* PROBLEM REQUIREMENTS *
The records below are to be copied exactly, with every picture left out.

* INPUT DATA *
========================
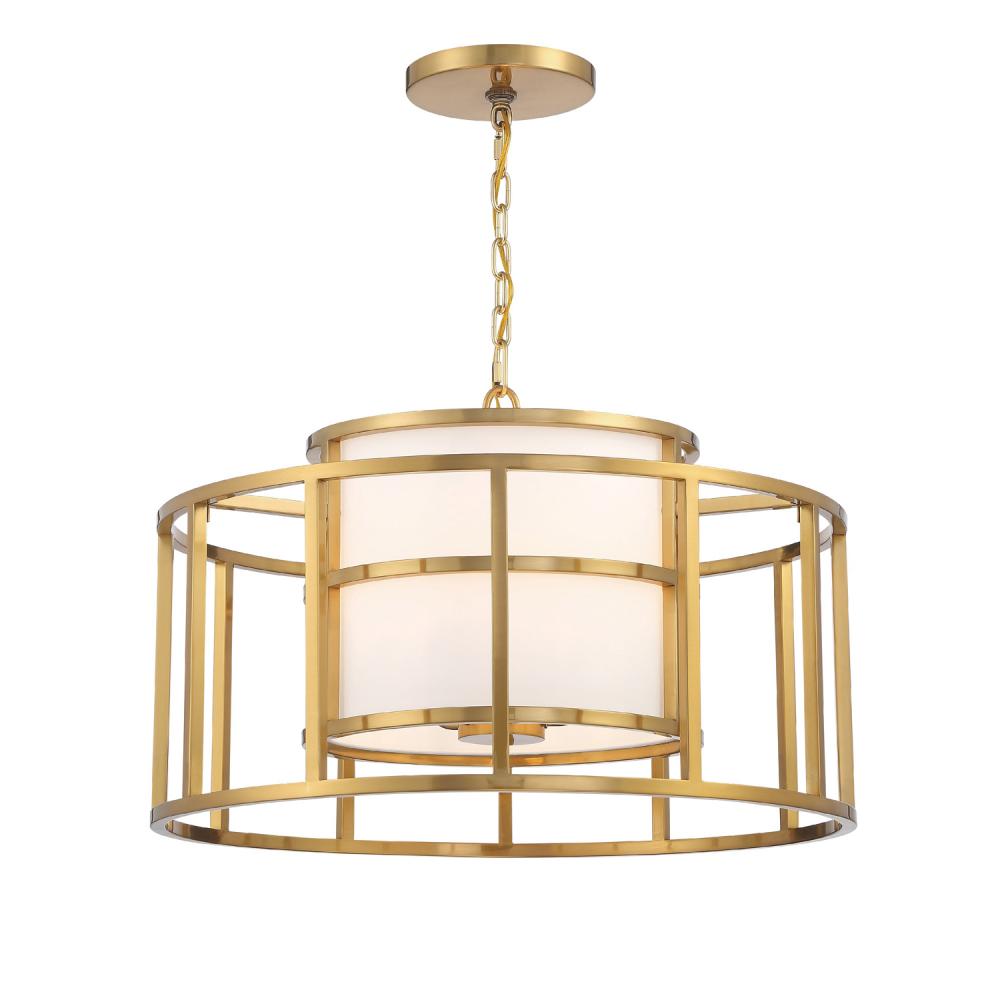 Brian Patrick Flynn for Crystorama Hulton 5 Light Luxe Gold Chandelier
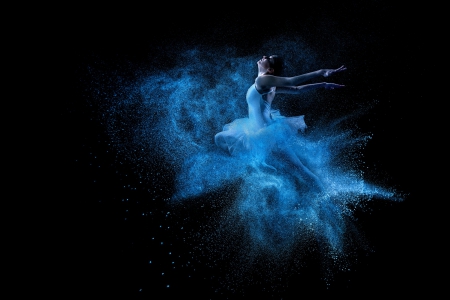 Blue Ballerina - dancer, dance, ballerina, blue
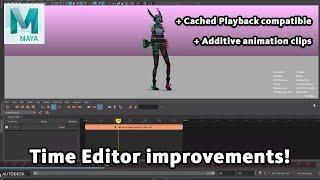 Maya 2022 - Time Editor improvements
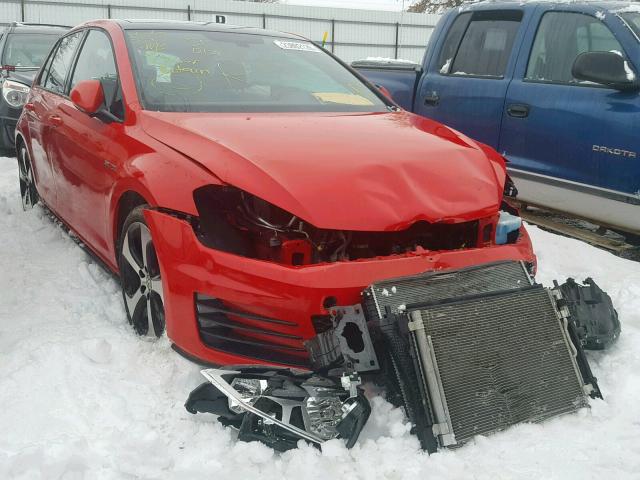 3VW547AU3HM025064 - 2017 VOLKSWAGEN GTI SPORT RED photo 1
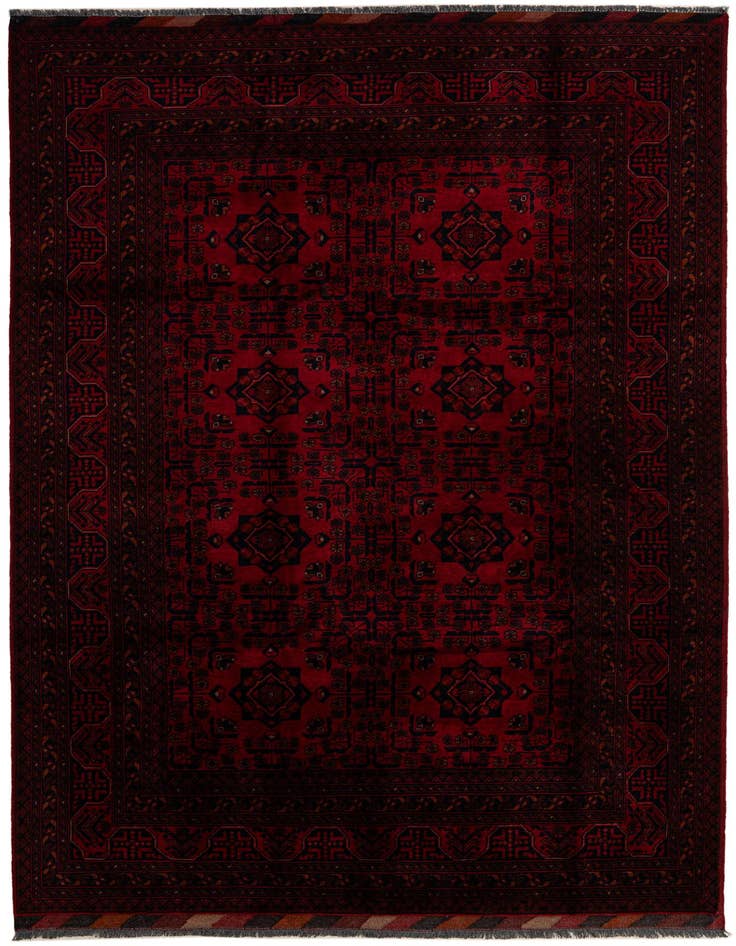 Detail image of 6' 6 x 9' 10 Hand Knotted Khal Mohammadi Wool Rug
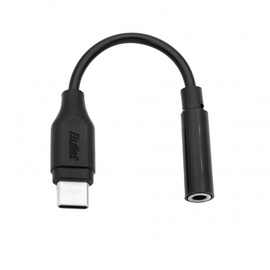 Adapteris Bullet USB Type-C, 3.5 mm, juoda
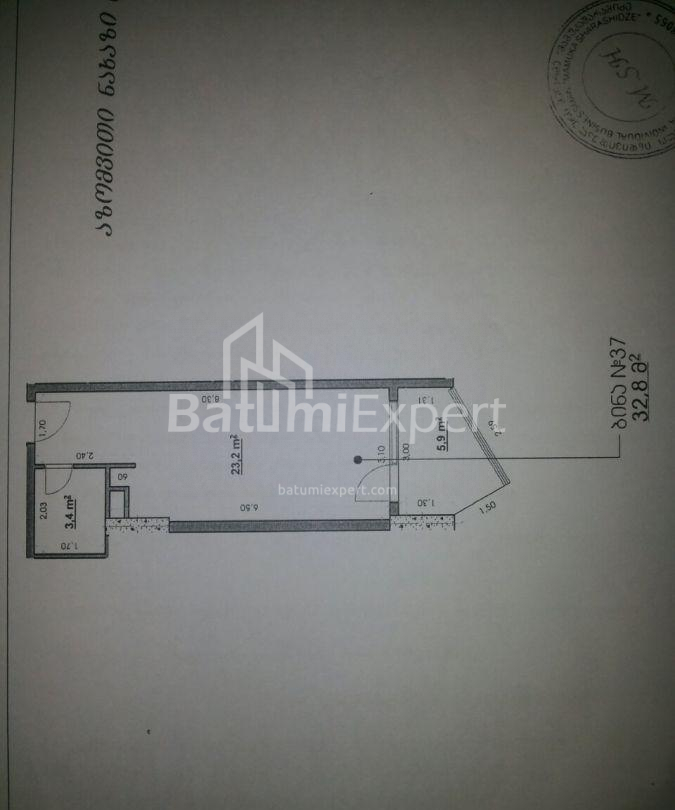 Mieszkanie 33 m² - Tbel-Abuseridze, Batumi, Gruzja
========================
* RESULT *
 Brian Patrick Flynn for Crystorama Hulton 5 Light Luxe Gold Chandelier
 Blue Ballerina - dancer, dance, ballerina, blue
 Maya 2022 - Time Editor improvements
 3VW547AU3HM025064 - 2017 VOLKSWAGEN GTI SPORT RED photo 1
 Detail image of 6' 6 x 9' 10 Hand Knotted Khal Mohammadi Wool Rug
 Adapteris Bullet USB Type-C, 3.5 mm, juoda
 Mieszkanie 33 m² - Tbel-Abuseridze, Batumi, Gruzja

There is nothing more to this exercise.